Common Region of Equations:
To find the area enclosed by the common region of the given equations, we need to determine the points of intersection between the two curves.

Determining the Points of Intersection:
We start by equating the two equations:

x^2 + y^2 = 2 ...(1)
2x - 3y = 0 ...(2)

By solving equations (1) and (2) simultaneously, we can find the points of intersection.

Solving the Equations:
From equation (2), we can express x in terms of y:

2x = 3y
x = (3y)/2

Substituting the value of x in equation (1), we get:

((3y)/2)^2 + y^2 = 2
(9y^2)/4 + y^2 = 2
(9y^2 + 4y^2)/4 = 2
13y^2 = 8
y^2 = 8/13
y = ±√(8/13)

Therefore, the points of intersection are (3√(8/13)/2, √(8/13)) and (-3√(8/13)/2, -√(8/13)).

Calculating the Area:
To calculate the area, we need to find the difference between the y-coordinates of the points of intersection and integrate the equation over that range.

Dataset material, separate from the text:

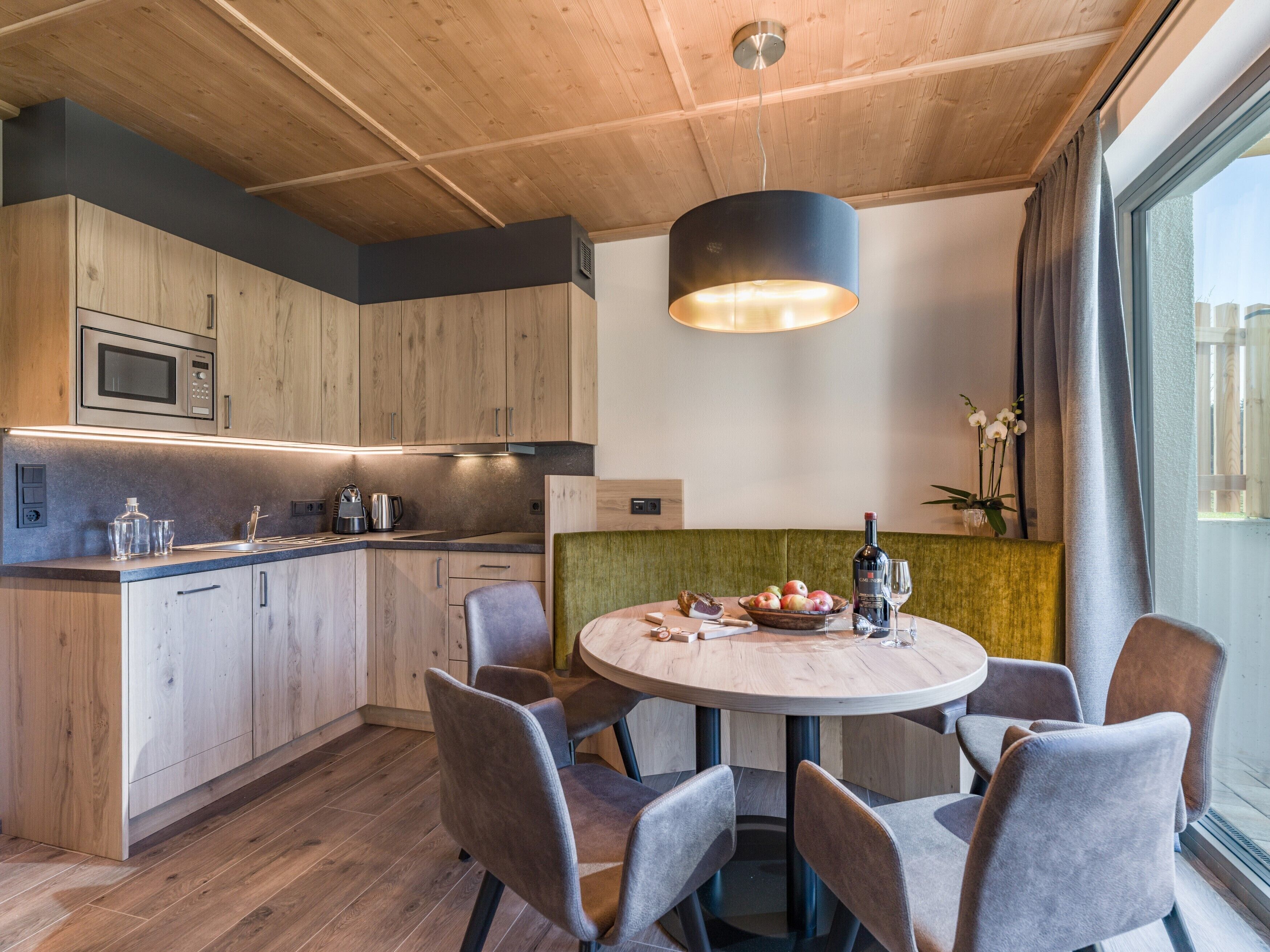 chalet, mountain view | private kitchen | stovetop, dishwasher, coffee/tea maker, cookware/dishes/utensils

Let's integrate equation (2) with respect to x:

∫(2x - 3y) dx = ∫0 dx
x^2 - 3yx = C

Substituting the points of intersection, we get:

(3√(8/13)/2)^2 - 3(√(8/13))(√(8/13)) = C
(9(8/13)/4) - 3(8/13) = C
(9(8/13) - 12(8/13))/4 = C
(72/13 - 96/13)/4 = C
(-24/13)/4 = C
C = -6/13

Thus, the equation becomes:

x^2 - 3yx = -6/13

Calculating the Area Enclosed:
To find the area enclosed, we integrate the equation over the range of y-coordinates from -√(8/13) to √(8/13):

A = ∫[-√(8/13), √(8/13)] (x^2 - 3yx) dy

Simplifying the integral:

A = ∫[-√(8/13), √(8/13)] (-6/13) dy
A = (-6/13) * [y] [-√(8/13), √(8/13)]
A = (-6/13) * (√(8/13) - (-√(8/13)))
A = (-6/13) * 2√(8/13)
A = -12√(8/13)/13

Therefore, the area enclosed by the common region of the given equations is -12√(8/13)/13 square units.